→ **Exercise prompt**
Pictures stay out of the copy; output exactly the lines from the one containing "Maryland's Diamond Miller, right, poses" through the end of the material.

[Raw data — start]

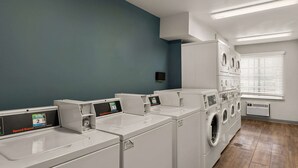 A laundry facility with multiple washing machines and dryers, a blue wall, and a window with blinds. - WoodSpring Suites Evansville East (Evansville)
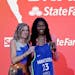 Maryland's Diamond Miller, right, poses for a photo with commissioner Cathy Engelbert after being selected by the Minnesota Lynx at the WNBA basketbal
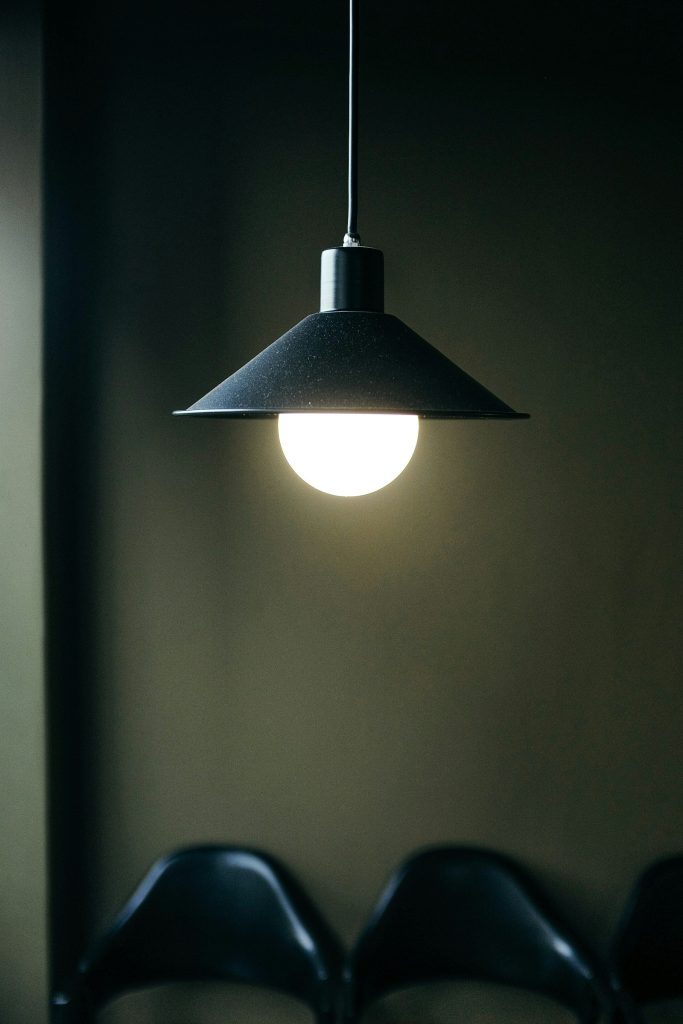 Black pendant lamp glowing in a dark interior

[Raw data — finish]

→ **Exercise solution**
 Maryland's Diamond Miller, right, poses for a photo with commissioner Cathy Engelbert after being selected by the Minnesota Lynx at the WNBA basketbal
 Black pendant lamp glowing in a dark interior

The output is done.